Thanks for the replies. To clarify, I am working with 2 (or more in the future) marc records outside of the ILS. I've tried using Marcedit but my usage did vary...not much overlap with the control fields that were available to me. I have a feeling they are a bit varied. I'm also messing around with marcXimiL a little but I'm having trouble getting it to output any records at all. I also was looking at the XC aggregation module but I was having trouble getting that to work properly as well and the listserv was unresponsive.
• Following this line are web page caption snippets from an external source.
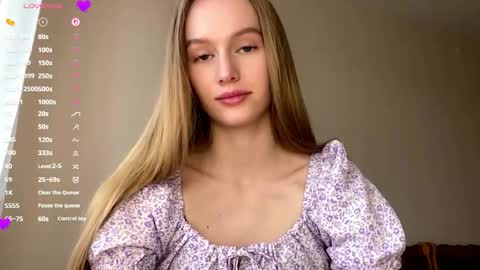 Snapshot of antionettepulgarin chatting on April 20, 3:04 pm Viktoria online show from April 20, 3:04 pm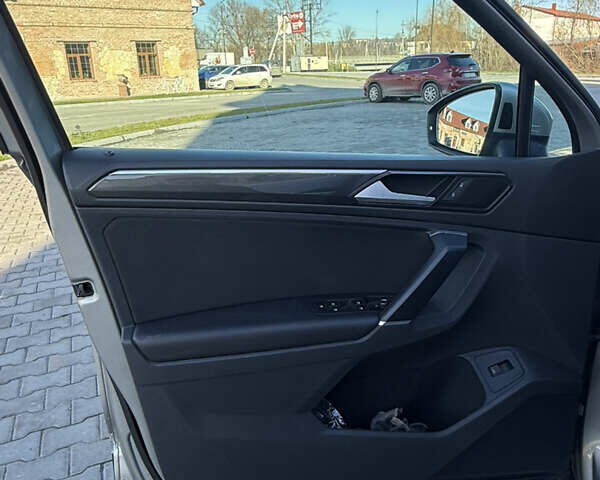 Серый Фольксваген Тигуан, объемом двигателя 2 л и пробегом 224 тыс. км за 25700 $, фото 64 на Automoto.ua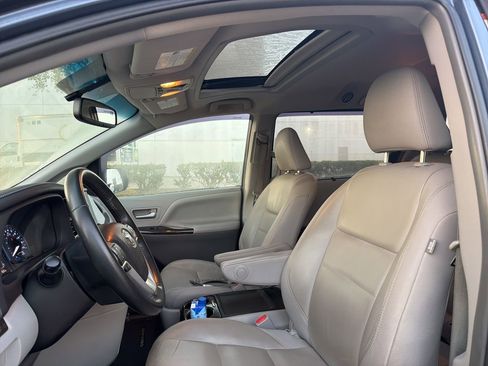Used 2015 Toyota Sienna XLE image 9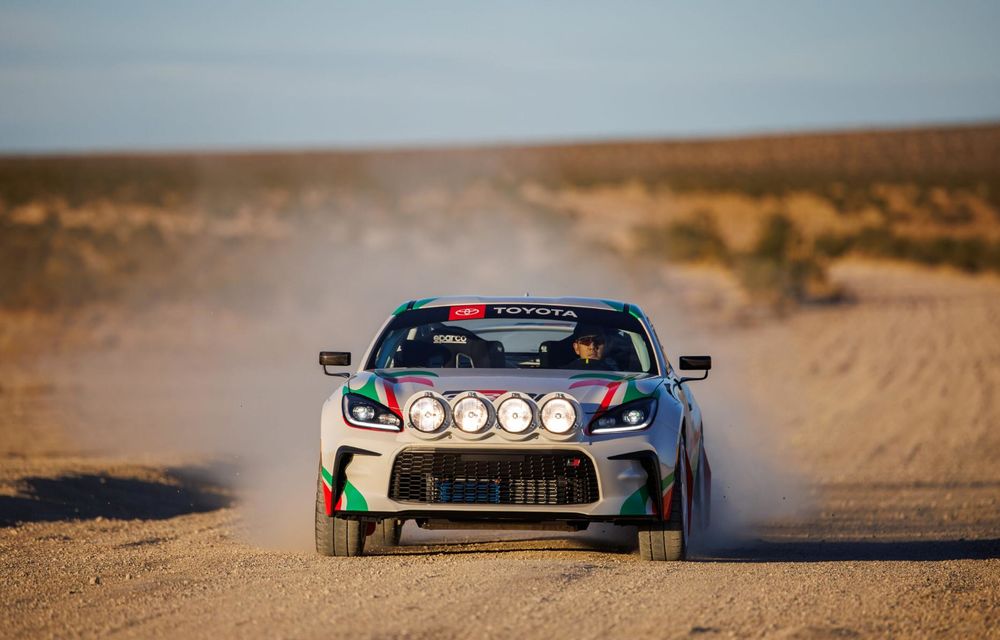 Toyota GR86, transformată în mașină de raliu. Omagiu adus succesului din WRC în anii ’90 - Poza 7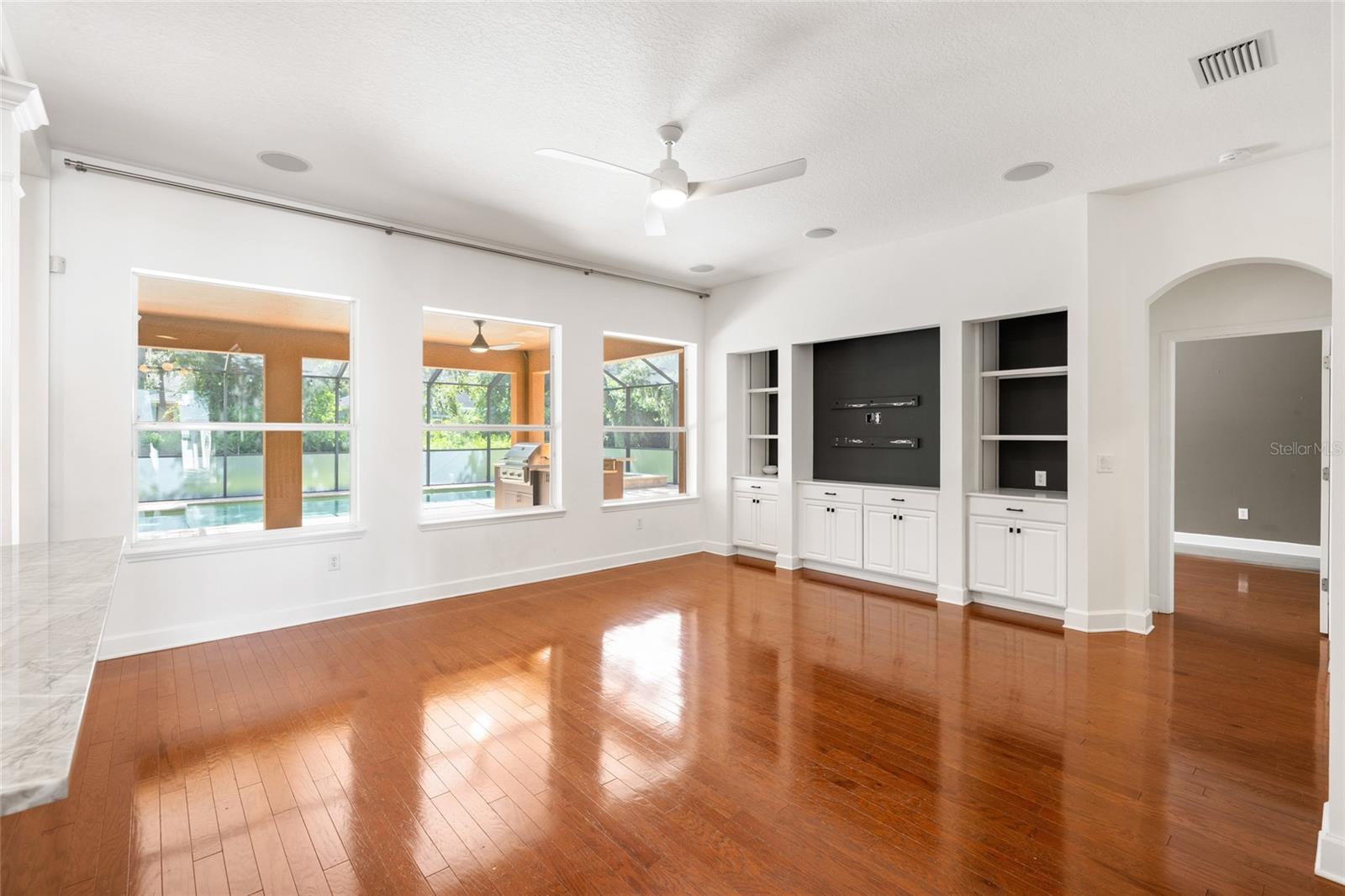 15910 TERNGLADE DR — photo 14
It seemed like good software but it required me to set up an OAI harvest source to allow it to ingest the records and that...well...enough is enough... I think I will probably need to write something, and at least that way I know what it will be doing rather than plowing through software that has little to no support. Please feel free to let me know of a particular strategy you think might work best in this regard...

Mike Beccaria
Systems Librarian
Head of Digital Initiative
Paul Smith's College
[log in to unmask]
Become a friend of Paul Smith's Library on Facebook today!

-----Original Message-----
From: Code for Libraries [mailto:[log in to unmask]] On Behalf Of Andy Kohler
Sent: Thursday, August 15, 2013 2:29 PM
To: [log in to unmask]
Subject: Re: [CODE4LIB] De-dup MARC Ebook records

Are you expecting to work with two files of records, outside of your ILS?
If so, for a project like that I'd probably write Perl script(s) using MARC::Record (there are similar code libraries for Ruby, Python and Java at least).

For each record in each file, use the ISBN (and/or OCLC number and/or LCCN) as a key.  Compare all sets, and keep one record per key.

This assumes that the vendors are supplying records with standard identifiers, and not just their own record numbers.

If you're comparing each file with what's already in your ILS, then it'll depend on the tools the ILS offers for matching incoming records to the database.  Or, export the database and compare it with the files, as above.

Andy Kohler / UCLA Library Info Tech
[log in to unmask] / 310 206-8312

On Thu, Aug 15, 2013 at 10:11 AM, Michael Beccaria <[log in to unmask]
> wrote:

> Has anyone had any luck finding a good way to de-duplicate MARC 
> records from ebook vendors. We're looking to integrate Ebrary and 
> Ebsco Academic Ebook collections and they estimate an overlap into the 10's of thousands.